Besides these worst-case scenarios, inflation also makes it harder/impossible to save for things in the future. Because savings could inflate away at a fast pace. People quickly have to turn to borrow money for big purchases. This process makes people more and more in debt. Thus creating a vicious loop of debt and empty wallets whit no room for human error.
What is Bitcoin? (short)
Bitcoin if you haven’t heard about it yet is an online cryptocurrency. There are many technical parts to Bitcoin but the only important things that you need to know about it are. It does not Inflate, It is adaptable for our modern-day society as it is only transacted through computers, phones, etc. Unstoppable, unhackable and, owned by all people that want to take part in the network.
Although many people may see Bitcoin as a speculative investment tool, it is not made to be this. Bitcoin is made to protect people against inflation and take the control/power of a monetary system out of the hands of central banks and give it to (all) the people. It does this by making sure that there will only ever be 21 million Bitcoins in existence. Because of this inflation does not occur in Bitcoin making it possible for people to use Bitcoin to save up value.

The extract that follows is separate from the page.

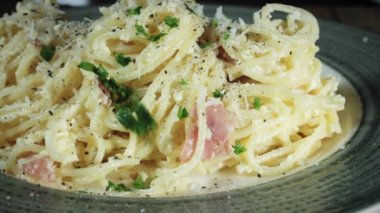 Taze makarna ve deniz ürünleri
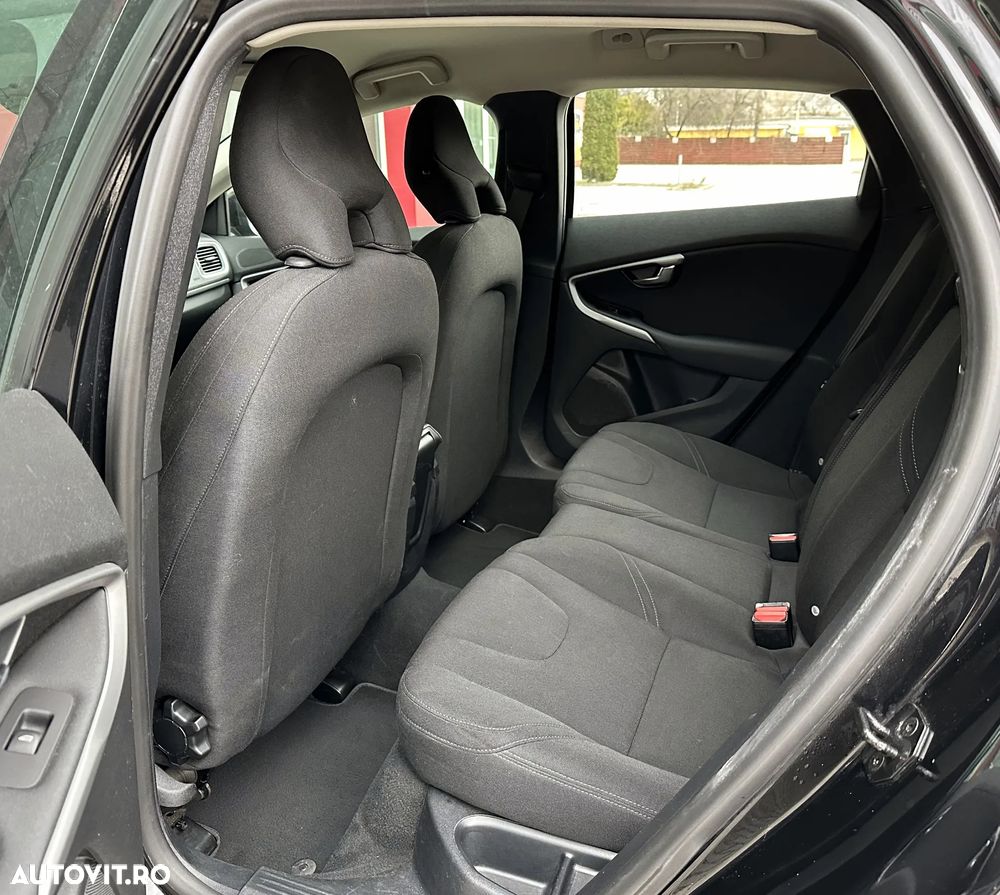 Volvo V40 - 25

Besides that Bitcoin is not owned by any central bank, but by the people that validate the transactions on the network. These people often we often revere to as miners. Anyone can become a miner in the Bitcoin network. Simply by running the software that validates the transactions and stores the old transactions on the Bitcoin network (also called the Bitcoin Blockchain).

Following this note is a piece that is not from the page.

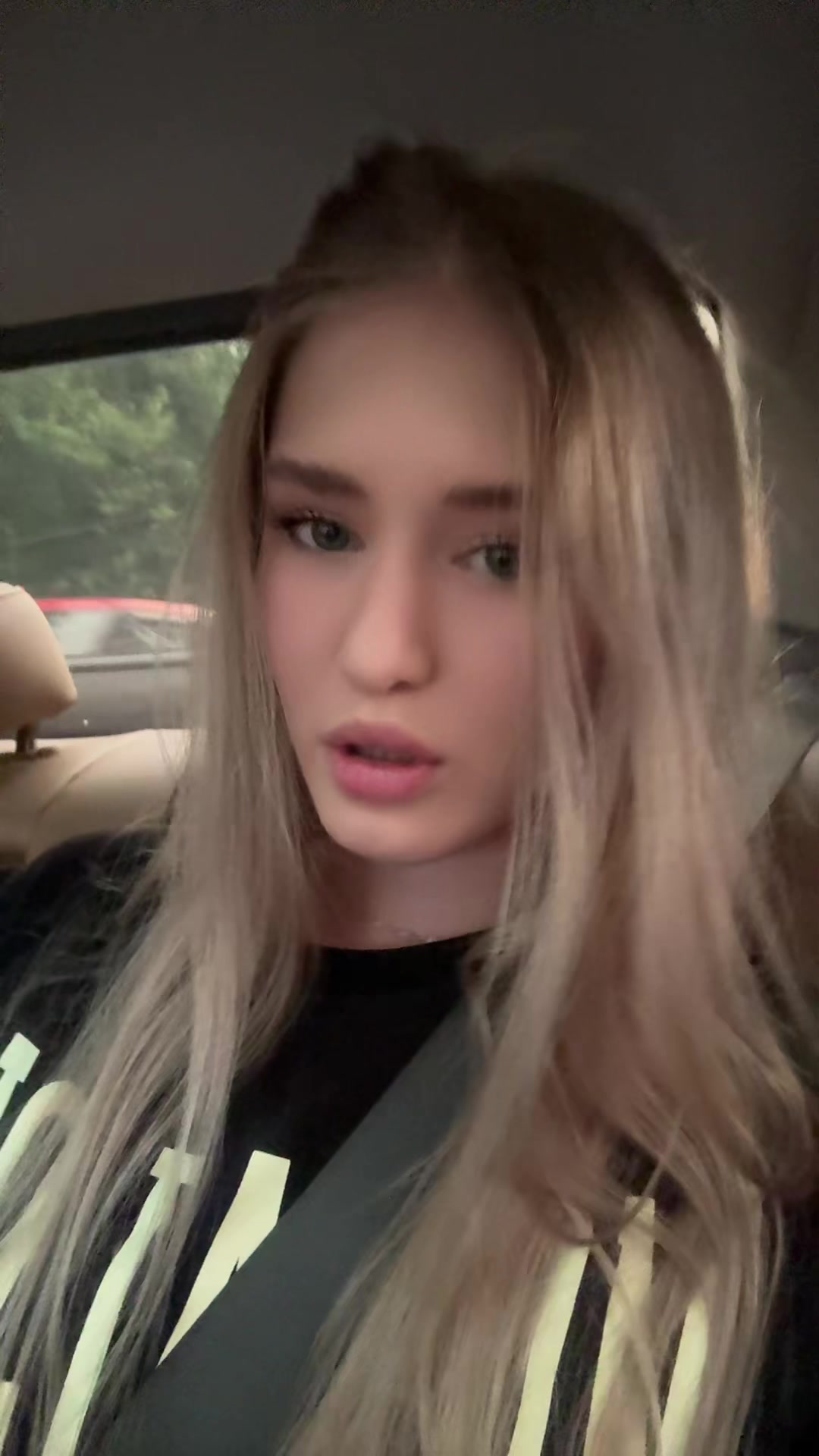 @даша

At the time of writing the Bitcoin, Network is still a young network and because of this, it may look very volatile when traded against other currencies like the dollar. Because of this people often overlook the fact that Bitcoins value is overall constant. Meaning that 1 Bitcoin keeps the value of 1 Bitcoin, because the amount of Bitcoins in existence does not increase. Whereas whit (fiat) currencies like the dollar. The value of 1 dollar decreases rapidly as the central bank keeps on printing more dollars every day.

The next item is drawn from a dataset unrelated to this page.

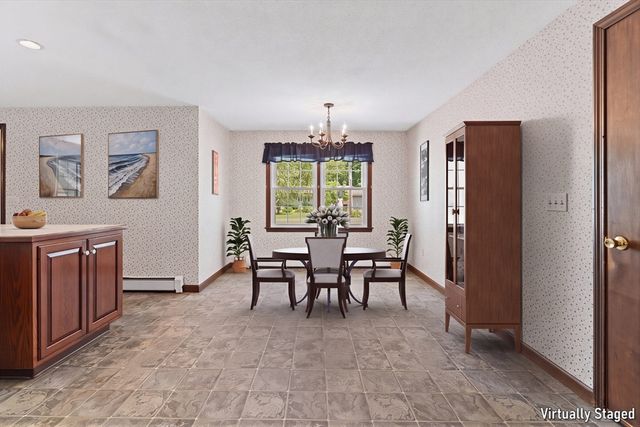 28 Pine Street, South Hadley, MA 01075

More and more people switch to Bitcoin as a currency for saving because it is hard to rely on a fiat currency. Because it constantly inflates without your consent. Bitcoin solves this problem.
Yada Wallets is no financial advisor. So please keep in mind that this article is not financial advice. And that you should always make your financial decisions based upon your own research. Or contact your Financial advisor/professional.
Thanks for reading!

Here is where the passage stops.